*** Information provided Section Begins ***
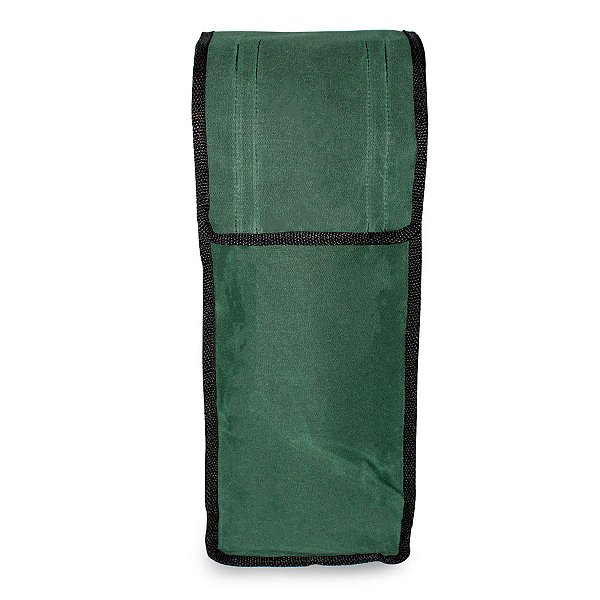 Bolsa de Lona para Luvas de Alta Tensão e Isolantes F164 - Ferbag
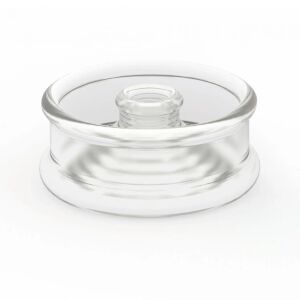 Tömítés a teljesítményszivattyúhoz dorcel power fánk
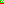 Destellos dst-10056510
*** Information provided Section Ends ***
When you repeat the data, keep every line exact and drop the images.

 Bolsa de Lona para Luvas de Alta Tensão e Isolantes F164 - Ferbag
 Tömítés a teljesítményszivattyúhoz dorcel power fánk
 Destellos dst-10056510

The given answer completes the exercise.